A Rate-limited Sidekiq Job - Part 1

Problem: A background task needs to hit an external service, but not too frequently

Solution: Use the rate limit gem

What do we do when the limit has been met?

Recently, I’ve been working on the above. I thought I'd write about the initial solution I tried, which is fine, but doesn't quite scale if you are frequently hitting the limit. The next post will address an alternate take.

TLDR; raise an exception if the rate limit has been met, and let sidekiq queue the job for later.

Sidekiq has a great feature, in that failed jobs will be re-queued.

Some details on the rate limits involved:

We want to hit the external service (Strava API) a maximum of 600 times in a fifteen minute period (900 seconds).

To build the basic Sidekiq job, retrying every fifteen minutes if we failed (to let the rate limit replenish)

class StravaSyncUserJob
  include Sidekiq::Worker
  
  sidekiq_retry_in do |count|
    15.minutes
  end

  def perform(user_id)
  end
end

Now if our StravaSyncUserJob#perform implementation raises, the task will be shelved for a later attempt. Let’s configure the rate limiting with the Ratelimit gem

In our Gemfile:

gem 'ratelimit'

Then install the gem with bundle install

Now we’ll setup some values:

RL_SUBJECT = "users" # Just a way to separate different ratelimit counts, can be any string in our case

# 600 hits per 15 minutes
RL_THRESHOLD = 600
RL_INTERVAL = 15.minutes

And implement our sidekiq perform method:

def perform(user_id)
  ratelimited do
    fetch_strava_data(user_id)
  end
end

Creating the ratelimit object is easy, we give it a unique key, and an instance of the redis client, if we already have one for other purposes:

def ratelimit
  @ratelimit ||= Ratelimit.new(
    "strava_sync",
    redis: $redis # We are already using Redis elsewhere in the app. If you aren't, leave out this parameter
  )
end

Next, we’ll implement the ratelimited method, which accepts a block and only calls it if the service has not exceeded the limit.

def ratelimited(&:block)
  raise "Ratelimit met" if ratelimit.exceeded?(RL_SUBJECT, interval: RL_INTERVAL, threshold: RL_THRESHOLD)
  block.call
end

Above, you can see we implicitly raise a RuntimeError with a message. This exception will trigger Sidekiq to re-queue the job and try in 15 minutes.

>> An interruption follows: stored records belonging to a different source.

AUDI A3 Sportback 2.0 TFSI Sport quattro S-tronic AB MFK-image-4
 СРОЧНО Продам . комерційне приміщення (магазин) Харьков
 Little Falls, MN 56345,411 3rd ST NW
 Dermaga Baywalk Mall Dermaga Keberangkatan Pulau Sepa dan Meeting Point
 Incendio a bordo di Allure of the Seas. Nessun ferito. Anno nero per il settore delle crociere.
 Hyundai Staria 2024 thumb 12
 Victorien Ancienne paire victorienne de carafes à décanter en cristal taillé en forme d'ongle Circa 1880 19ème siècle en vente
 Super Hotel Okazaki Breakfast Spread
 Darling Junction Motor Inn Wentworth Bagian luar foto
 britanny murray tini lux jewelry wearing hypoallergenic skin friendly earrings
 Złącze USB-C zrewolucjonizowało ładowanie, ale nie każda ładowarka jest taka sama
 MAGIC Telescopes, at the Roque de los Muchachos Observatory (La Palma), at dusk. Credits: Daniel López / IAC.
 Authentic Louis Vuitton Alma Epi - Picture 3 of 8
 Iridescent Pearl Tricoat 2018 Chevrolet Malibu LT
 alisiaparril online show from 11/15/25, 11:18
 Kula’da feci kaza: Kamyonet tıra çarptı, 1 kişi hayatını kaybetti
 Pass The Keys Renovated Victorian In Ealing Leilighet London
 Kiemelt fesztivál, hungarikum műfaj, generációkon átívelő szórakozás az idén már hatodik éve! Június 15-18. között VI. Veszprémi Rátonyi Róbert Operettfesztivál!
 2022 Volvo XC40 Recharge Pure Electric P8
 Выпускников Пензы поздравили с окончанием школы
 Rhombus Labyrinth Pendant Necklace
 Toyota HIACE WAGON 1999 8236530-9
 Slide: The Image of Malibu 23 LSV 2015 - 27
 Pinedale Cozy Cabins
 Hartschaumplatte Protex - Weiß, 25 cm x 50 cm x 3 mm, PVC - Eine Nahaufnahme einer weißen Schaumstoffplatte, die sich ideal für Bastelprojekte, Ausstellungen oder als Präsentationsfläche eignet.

Earlier, I hinted this was not the solution we ended with (I’ll write that up in the next post). We have somewhere around 6000 users for which we want twice daily sync of strava trips taken. Coupled with the short nature of the job (many requests will do little work as not all users will have recorded a ride since our last check), this causes lots of retries as we quickly hit the 600 requests per 15 minutes ceiling. However, the above approach sees perhaps a majority of the jobs re-queued by Sidekiq. This is fine, as they will get serviced eventually, and sidekiq is very efficient at it’s work. But thousands of jobs were being requeued was the norm (not the exception), which feels wrong.